# Task to carry out:
For the data below, transcribe the part that opens with the line containing "平绒短裤女士2025秋冬季新款高腰棉绒加厚宽松阔腿外穿休闲靴裤子" and closes with the line containing "TATTOO LIPSTICK COTTON", exactly and with no pictures.

# Extracted entries:
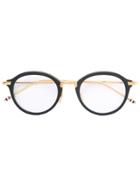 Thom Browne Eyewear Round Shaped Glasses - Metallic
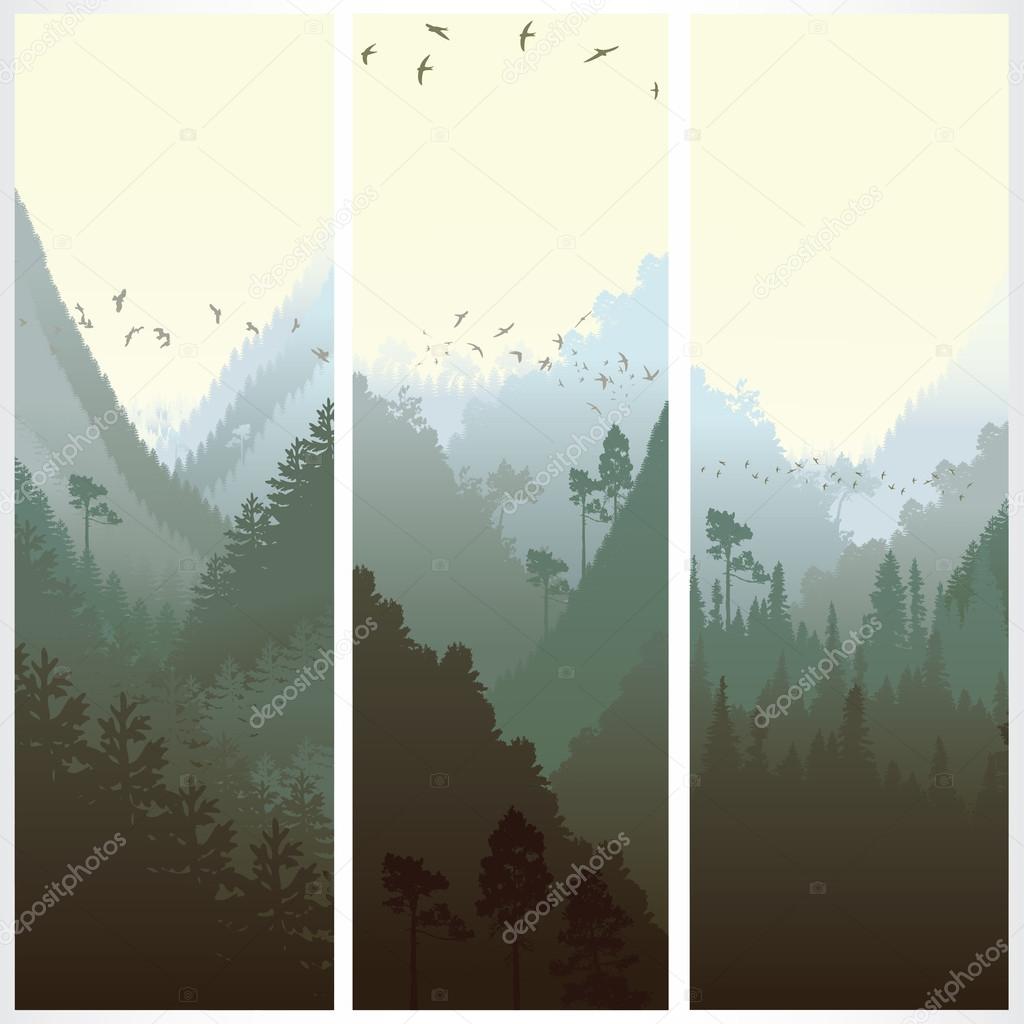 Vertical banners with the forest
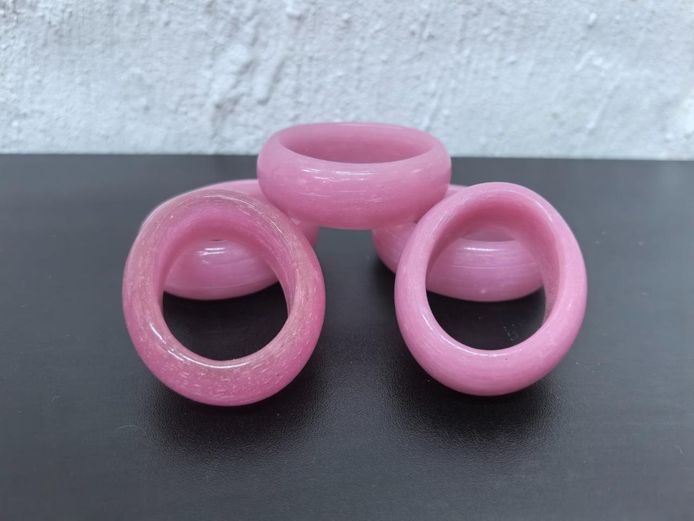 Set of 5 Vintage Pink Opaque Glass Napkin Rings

---

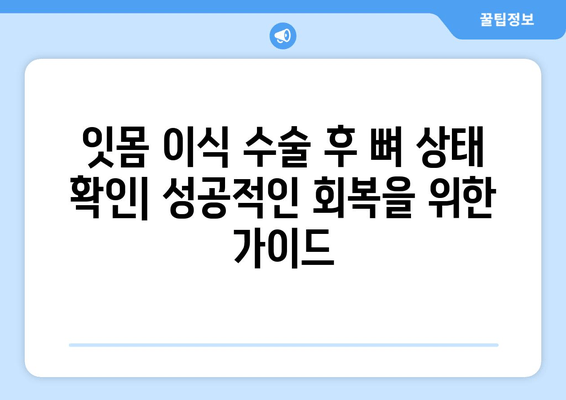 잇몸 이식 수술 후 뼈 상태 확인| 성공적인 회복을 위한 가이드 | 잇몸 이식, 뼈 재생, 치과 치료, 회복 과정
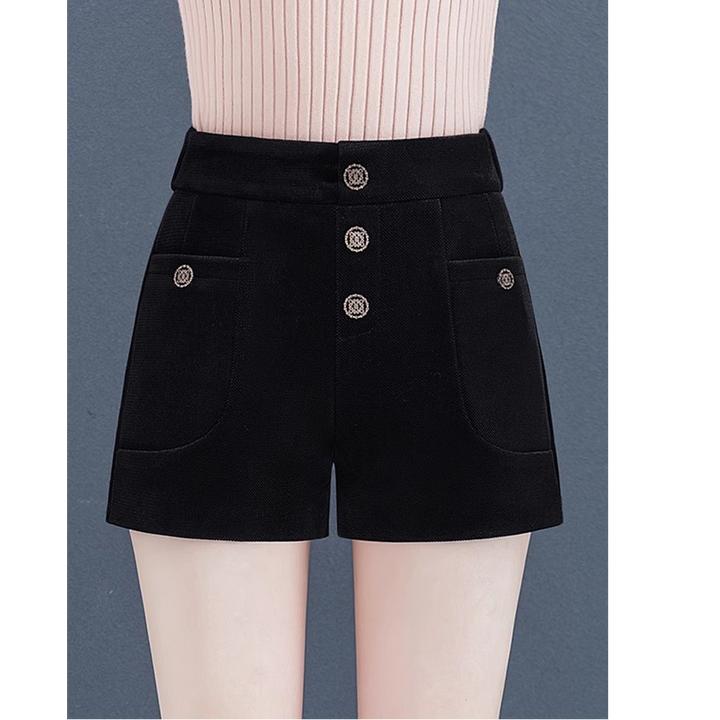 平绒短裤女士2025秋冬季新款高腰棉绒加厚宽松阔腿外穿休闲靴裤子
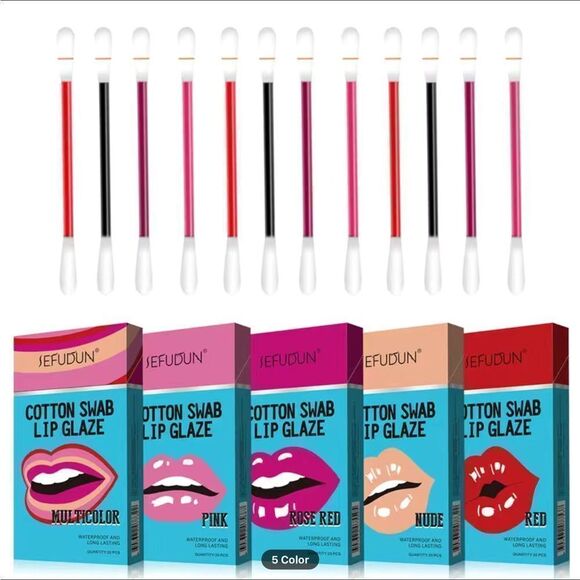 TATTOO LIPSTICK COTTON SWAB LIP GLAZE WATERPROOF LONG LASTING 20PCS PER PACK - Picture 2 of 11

--

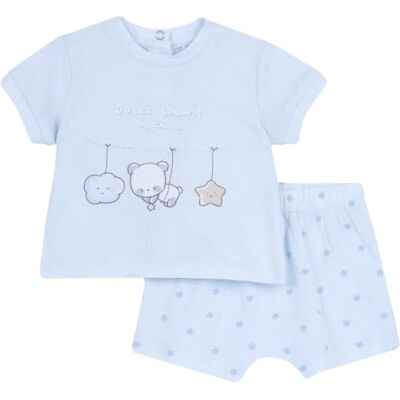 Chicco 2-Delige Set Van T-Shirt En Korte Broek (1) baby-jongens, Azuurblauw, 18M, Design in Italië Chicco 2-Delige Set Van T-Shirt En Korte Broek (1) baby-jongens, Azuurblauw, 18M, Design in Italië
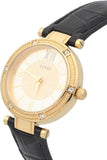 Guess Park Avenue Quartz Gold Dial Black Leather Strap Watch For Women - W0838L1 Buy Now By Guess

# Result for this task:
 平绒短裤女士2025秋冬季新款高腰棉绒加厚宽松阔腿外穿休闲靴裤子
 TATTOO LIPSTICK COTTON SWAB LIP GLAZE WATERPROOF LONG LASTING 20PCS PER PACK - Picture 2 of 11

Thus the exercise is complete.